LOS AMATES   Starting as a small-time smuggler deep in the countryside, a 
trucking company boss has become Central America's most-wanted drug 
suspect, using platoons of pilots, fishermen and truck drivers to turn 
Guatemala's sliver of Caribbean coast into a major pipeline for Colombian 
cocaine.

U.S. and Guatemalan officials say Otto Herrera succeeded in building a 
small but powerful smuggling gang because Guatemala's government did little 
in recent years to stop the drug trade.

Now, facing increasing pressure from Washington, President Alfonso Portillo 
is taking steps to crack down on drug smugglers. But even one of the 
country's top drug investigators acknowledges more needs to be done.

"Guatemala was a paradise for them. There was total freedom, a green light 
for narcos for three full years," said Jorge Paredes, national director of 
anti-drug investigations. "The government of Guatemala lost its will to 
attack the problem."

The problem got so bad after Portillo took office at the beginning of 2000 
that President Bush dropped Guatemala in January from Washington's list of 
allies in the counter-narcotics effort, citing corruption that reached to 
the highest level of government.

Guatemala has long been a transit point for shipping narcotics to Mexico 
and the United States. But with Mexican President Vicente Fox increasing 
efforts to cripple his country's narcotics trade, Colombian smugglers began 
working more closely with Guatemalan gangs that collect, store and prepare 
drugs, a U.S. State Department official said.

"They were making drug flights in broad daylight and in fairly developed 
areas," the official said.

Successful drug raids in other parts of Central America, including El 
Salvador, Honduras, Costa Rica and Nicaragua, made Guatemala an even more 
popular route for narcotics flowing from South America's jungles to U.S. 
streets. The U.S. Drug Enforcement Administration says half of the 400 tons 
of cocaine smuggled through Central America each year passes through Guatemala.

Herrera has disappeared since the crackdown began. In April, authorities 
stormed a house they said was owned by one of his associates in an upscale 
Guatemala City neighborhood and discovered $14.4 million in cash.

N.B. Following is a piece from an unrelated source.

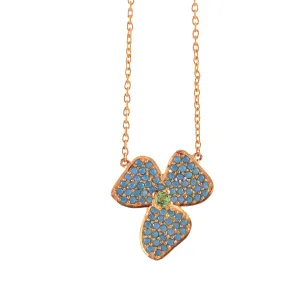 Turquoise Flower Chain Necklace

Los Amates, a sun-scorched town of 70,000 people, is home to Herrera's 
trucking company and is the center of his alleged drug operation.

In the heart of banana-growing country, the town's muddy streets are 
clogged with new sports cars. Its ultramodern banks seem more suited for a 
first-world financial district than a town with two restaurants.

Authorities say the gang's leaders have moved elsewhere, but dozens of 
farmers-turned-smugglers live in heavily guarded ranches near the town.

Mayor Julio Humberto Alvarez said he often straps three pistols to his 
waist and travels with a pack of neighbors for protection. He agreed to 
speak about drug trafficking in Los Amates but only in an interview at a 
highway restaurant two hours away.

He said drug-related violence often kills up to 25 people a month in Los 
Amates, although federal officials couldn't confirm the town's murder rate.

"Many of our people are hardworking farmers, but too many others are 
trafficking for Herrera," Alvarez said.

Much of the cocaine arriving in Guatemala comes aboard ships that steam 
into Puerto Barrios, the country's only major Caribbean port, 55 miles 
north of Los Amates.

Small planes also fly in from South America, landing at heavily guarded 
clandestine airstrips in the mountains outside town or dropping drug 
packages to fishing boats in the shallow coastal waters. Speedboats capable 
of carrying up to a ton of cocaine rendezvous with fishermen.

Guatemala is stepping up efforts against drug smugglers. The three tons of 
cocaine seized in the first five months of this year was almost double the 
amount for all of 2002.

The government also replaced the agents on its anti-narcotics force and 
signed an agreement giving the U.S. Coast Guard greater freedom to enter 
Guatemalan waters in search of drug vessels.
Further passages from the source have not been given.